● **MATERIAL TO PROCESS**:
- - -

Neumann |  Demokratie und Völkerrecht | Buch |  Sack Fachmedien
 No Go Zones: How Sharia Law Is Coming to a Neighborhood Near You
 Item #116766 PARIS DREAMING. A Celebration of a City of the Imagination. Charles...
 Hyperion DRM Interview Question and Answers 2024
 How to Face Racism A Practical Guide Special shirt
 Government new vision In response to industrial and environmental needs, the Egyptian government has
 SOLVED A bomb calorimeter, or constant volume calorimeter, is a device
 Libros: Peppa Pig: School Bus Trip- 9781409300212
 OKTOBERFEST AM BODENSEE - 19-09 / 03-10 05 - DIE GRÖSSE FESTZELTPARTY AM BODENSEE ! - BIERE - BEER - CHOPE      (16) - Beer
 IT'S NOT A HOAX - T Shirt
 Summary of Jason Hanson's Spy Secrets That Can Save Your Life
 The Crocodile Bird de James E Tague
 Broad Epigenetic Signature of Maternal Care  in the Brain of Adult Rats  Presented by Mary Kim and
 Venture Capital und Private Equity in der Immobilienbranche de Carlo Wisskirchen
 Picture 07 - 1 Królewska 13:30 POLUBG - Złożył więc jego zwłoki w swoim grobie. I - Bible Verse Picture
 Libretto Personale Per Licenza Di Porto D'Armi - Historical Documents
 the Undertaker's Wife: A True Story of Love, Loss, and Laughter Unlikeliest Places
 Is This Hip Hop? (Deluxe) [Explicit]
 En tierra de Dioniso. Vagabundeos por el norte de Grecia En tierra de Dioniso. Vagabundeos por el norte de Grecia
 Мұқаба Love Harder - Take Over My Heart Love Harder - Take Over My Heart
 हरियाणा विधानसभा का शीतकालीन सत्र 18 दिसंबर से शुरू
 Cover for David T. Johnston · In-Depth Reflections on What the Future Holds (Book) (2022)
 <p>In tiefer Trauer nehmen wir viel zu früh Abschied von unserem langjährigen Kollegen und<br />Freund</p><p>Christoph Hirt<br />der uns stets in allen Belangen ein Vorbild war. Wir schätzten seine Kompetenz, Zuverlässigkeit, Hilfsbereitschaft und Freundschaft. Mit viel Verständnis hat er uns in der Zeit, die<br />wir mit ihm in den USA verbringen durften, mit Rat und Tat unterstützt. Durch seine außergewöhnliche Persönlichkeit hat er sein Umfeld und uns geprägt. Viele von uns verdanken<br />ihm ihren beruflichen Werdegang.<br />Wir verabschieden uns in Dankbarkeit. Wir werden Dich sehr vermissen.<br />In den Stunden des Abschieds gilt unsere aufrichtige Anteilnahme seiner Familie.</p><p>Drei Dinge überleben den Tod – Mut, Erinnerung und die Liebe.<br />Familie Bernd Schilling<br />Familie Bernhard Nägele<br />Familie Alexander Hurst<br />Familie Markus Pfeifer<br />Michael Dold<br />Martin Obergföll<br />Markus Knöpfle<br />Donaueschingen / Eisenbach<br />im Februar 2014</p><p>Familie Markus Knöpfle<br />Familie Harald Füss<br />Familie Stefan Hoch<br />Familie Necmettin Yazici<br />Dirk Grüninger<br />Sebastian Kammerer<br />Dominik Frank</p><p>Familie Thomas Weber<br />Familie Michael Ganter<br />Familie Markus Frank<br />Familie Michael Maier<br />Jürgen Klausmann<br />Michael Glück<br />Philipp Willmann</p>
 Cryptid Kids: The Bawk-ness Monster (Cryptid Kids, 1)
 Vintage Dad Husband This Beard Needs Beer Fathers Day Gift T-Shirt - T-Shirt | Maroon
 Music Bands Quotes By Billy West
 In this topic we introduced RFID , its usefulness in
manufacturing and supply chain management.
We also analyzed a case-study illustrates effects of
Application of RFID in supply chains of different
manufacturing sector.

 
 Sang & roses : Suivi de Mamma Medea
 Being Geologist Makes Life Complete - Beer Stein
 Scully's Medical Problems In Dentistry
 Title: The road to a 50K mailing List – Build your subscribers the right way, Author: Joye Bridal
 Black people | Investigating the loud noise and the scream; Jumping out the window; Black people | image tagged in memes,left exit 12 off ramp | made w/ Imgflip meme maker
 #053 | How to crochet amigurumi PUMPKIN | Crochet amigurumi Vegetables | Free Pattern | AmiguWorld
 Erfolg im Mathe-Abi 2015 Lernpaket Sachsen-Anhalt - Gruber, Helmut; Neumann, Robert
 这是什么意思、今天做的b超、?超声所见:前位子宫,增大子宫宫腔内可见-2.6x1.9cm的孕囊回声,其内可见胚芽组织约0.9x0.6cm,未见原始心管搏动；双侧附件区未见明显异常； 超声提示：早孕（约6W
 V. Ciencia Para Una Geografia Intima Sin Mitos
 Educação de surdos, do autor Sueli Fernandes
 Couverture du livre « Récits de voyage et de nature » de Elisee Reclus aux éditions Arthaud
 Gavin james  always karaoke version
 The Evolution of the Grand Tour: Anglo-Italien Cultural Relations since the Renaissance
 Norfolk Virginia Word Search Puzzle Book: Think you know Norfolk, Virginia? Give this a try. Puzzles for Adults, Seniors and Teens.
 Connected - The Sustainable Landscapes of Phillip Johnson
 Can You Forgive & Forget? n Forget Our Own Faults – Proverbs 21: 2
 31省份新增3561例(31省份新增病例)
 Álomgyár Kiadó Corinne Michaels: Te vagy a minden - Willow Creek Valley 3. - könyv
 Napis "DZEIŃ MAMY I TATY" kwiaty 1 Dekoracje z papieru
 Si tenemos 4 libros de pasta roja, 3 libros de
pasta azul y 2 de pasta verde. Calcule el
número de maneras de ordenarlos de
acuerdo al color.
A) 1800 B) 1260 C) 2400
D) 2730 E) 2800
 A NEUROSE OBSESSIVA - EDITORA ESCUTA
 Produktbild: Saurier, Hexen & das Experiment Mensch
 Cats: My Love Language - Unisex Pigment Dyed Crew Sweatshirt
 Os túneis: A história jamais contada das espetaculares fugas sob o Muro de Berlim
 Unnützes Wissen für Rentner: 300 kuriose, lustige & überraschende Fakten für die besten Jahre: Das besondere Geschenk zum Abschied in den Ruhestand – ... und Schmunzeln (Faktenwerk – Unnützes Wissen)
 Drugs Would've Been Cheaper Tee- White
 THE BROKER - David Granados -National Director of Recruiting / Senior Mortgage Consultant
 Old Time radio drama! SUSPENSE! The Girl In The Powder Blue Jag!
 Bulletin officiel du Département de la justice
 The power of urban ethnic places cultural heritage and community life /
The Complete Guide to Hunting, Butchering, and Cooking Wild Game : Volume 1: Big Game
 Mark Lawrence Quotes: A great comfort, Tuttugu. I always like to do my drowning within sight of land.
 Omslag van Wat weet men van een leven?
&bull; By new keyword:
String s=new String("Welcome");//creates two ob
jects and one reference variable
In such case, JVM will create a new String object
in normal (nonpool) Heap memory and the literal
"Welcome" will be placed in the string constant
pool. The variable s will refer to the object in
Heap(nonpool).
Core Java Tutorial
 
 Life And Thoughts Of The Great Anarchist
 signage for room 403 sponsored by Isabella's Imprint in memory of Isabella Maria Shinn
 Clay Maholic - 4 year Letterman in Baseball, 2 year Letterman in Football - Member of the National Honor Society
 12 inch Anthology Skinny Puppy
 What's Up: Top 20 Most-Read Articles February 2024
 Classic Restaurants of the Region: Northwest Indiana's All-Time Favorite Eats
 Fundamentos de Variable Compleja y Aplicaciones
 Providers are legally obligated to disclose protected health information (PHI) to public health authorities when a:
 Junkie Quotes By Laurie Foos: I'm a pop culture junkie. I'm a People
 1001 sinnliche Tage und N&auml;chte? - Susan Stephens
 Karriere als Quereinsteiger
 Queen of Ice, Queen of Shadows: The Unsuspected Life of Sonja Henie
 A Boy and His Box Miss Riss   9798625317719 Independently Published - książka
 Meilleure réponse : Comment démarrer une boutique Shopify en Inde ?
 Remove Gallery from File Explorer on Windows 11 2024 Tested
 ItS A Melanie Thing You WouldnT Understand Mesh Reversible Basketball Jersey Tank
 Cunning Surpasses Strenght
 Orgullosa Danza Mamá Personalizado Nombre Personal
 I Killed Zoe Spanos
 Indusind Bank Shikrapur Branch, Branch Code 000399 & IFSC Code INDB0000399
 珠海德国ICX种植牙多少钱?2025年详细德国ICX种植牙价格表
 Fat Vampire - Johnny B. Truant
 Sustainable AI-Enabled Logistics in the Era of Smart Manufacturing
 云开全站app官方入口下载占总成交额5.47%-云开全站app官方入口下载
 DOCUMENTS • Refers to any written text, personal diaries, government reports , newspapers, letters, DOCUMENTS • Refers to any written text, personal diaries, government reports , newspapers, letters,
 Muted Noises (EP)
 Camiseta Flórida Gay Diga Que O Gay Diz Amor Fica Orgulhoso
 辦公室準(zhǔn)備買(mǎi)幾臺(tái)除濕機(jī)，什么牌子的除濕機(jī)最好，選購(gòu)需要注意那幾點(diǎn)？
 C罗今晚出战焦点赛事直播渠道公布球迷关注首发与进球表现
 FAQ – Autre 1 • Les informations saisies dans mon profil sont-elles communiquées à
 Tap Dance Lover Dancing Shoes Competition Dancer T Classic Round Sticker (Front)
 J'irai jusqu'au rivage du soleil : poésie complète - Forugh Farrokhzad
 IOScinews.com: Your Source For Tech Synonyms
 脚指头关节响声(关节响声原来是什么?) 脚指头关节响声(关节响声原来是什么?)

- - -

● **REQUIRED WORK**: What are the lines above, starting at the one with "The power of" and ending at the one with "in normal (nonpool)"? Give them again exactly, and only them.

● **YOUR SOLUTION**:
 The power of urban ethnic places cultural heritage and community life /
The Complete Guide to Hunting, Butchering, and Cooking Wild Game : Volume 1: Big Game
 Mark Lawrence Quotes: A great comfort, Tuttugu. I always like to do my drowning within sight of land.
 Omslag van Wat weet men van een leven?
&bull; By new keyword:
String s=new String("Welcome");//creates two ob
jects and one reference variable
In such case, JVM will create a new String object
in normal (nonpool) Heap memory and the literal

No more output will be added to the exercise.